The day-trip adds a good dose of adventure to the normal routine. The planning (whatever little there is), the traveling, and the actual activity all combine for a fresh break into this wide world. To illustrate this, here is a recent account of an excursion into the wild, past ordinary boundaries, and up a huge frickin’ rock: Destination Seneca, West Virginia.
The day started off early and with a full cup of coffee. We packed the necessary equipment, excess food, and ourselves into the vehicle to start our trip to Seneca National Park. An early 3-hour car ride through autumn country roads is always a good way to start an adventure. The road and the miles between our home and our destination stretched on like a long ribbon tied to a present we were about to open. We kicked on some Blue Ridge Mountain Jams, held the delicate balance between coffee and bathroom breaks, and cruised down the Sam Sneed memorial highway, all the while having only dreams of what was to come.
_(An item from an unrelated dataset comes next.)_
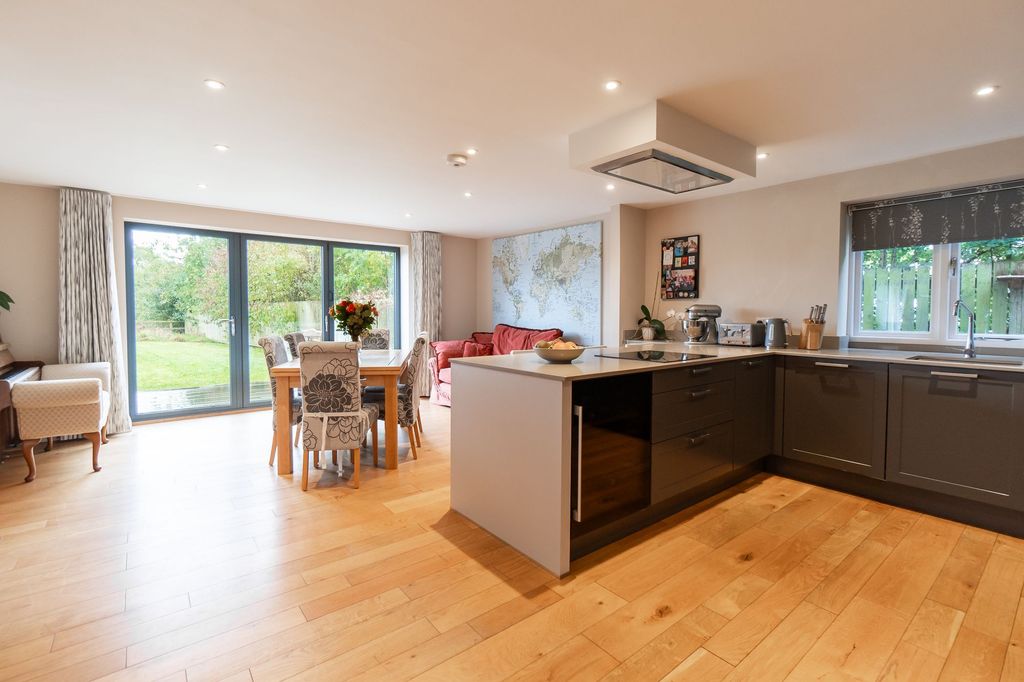 Property photo 2 of 37 Open Plan Kitchen Diner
We arrived to Seneca, WV to find all the local climbing shops closed due to nice weather. We took the signs as a good omen and headed to the base of our climb. Full trad rack equipped, three of us started methodically ascending the first pitch and sequentially said goodbye to the ground for awhile.
The first pitch was easy enough, a Seneca 5.6, but between two ropes, three people, and a good handful of placed gear, the climb took some time off the clock. At one point I looked across the landscape to see deep valleys of the young colors of fall. An opposite butte of Tuscarora quartzite towered across the street and fully in my view. I remember thinking, “who would be crazy enough to climb that thing?”
The second pitch was a little shorter, but there were some shaky legs and nervous smiles as the route began to run out a bit making for an uncomfortable situation in the event of a fall. However, it wasn’t until the third pitch did the exposure kick in.
Suddenly our climbing party stood on top of the forest, on top of the landscape, and on top of the world with only way to go; up. Although our multi-pitch adventure had us only scaling so much distance at a time, we incrementally built up a lot of vertical distance between us and the ground. As I scrambled for anything that could constitute as a hand-hold, and looked below my smeared feet to the seemingly thousands of feet (seemingly) below, a sudden realization of my own frailty in nature overcame me. It is the same frailty that turned to astonishment as I stood on top of every pitch, knowing I had surpassed the obstacles of the natural world briefly.
After the fourth pitch we could see the sun starting to dip beneath the mountains in the spread out western sky. It was that time and we knew it, it was bail-o’clock. An old friend once said that whenever something goes wrong in the wilderness that is when the adventure begins. And sitting on top of Seneca rocks as the sun disappeared into the horizon, our adventure began.
We had a guide-book, all the right equipment, and just enough time. What we didn’t have however, was a suitable anchor to rappel directly down from. Down climbing was far from an option and there was little time to sit around. After some scouting and searching, we found a rappel station for a separate route and we improvised.
After hanging precariously from cold shuts and setting the two ropes up for the rappel with a European Death Knot (comforting name, I know), we were ready to rappel halfway down the arête and to an established rappel station. After all the set-up, deliberation, and execution of our off-the-cliff plan, we made it to the second rappel station safely with bloodied knees and an absence of daylight.
Our last rappel was equipped with headlamps and starry skies. The ground felt welcoming after six hours spent on the rock, and my trail sneakers felt like slippers after spending the same amount of time in climbing shoes.
We left Seneca in the dark and a part of ourselves on the rock. Self doubt, unknown experiences, and old weaknesses all stayed behind as we pulled out of the parking lot. The ride home was easy, fueled by unleaded gasoline and the excitement of the day, and we drove home as our headlights pushed forward and to the end of a great day.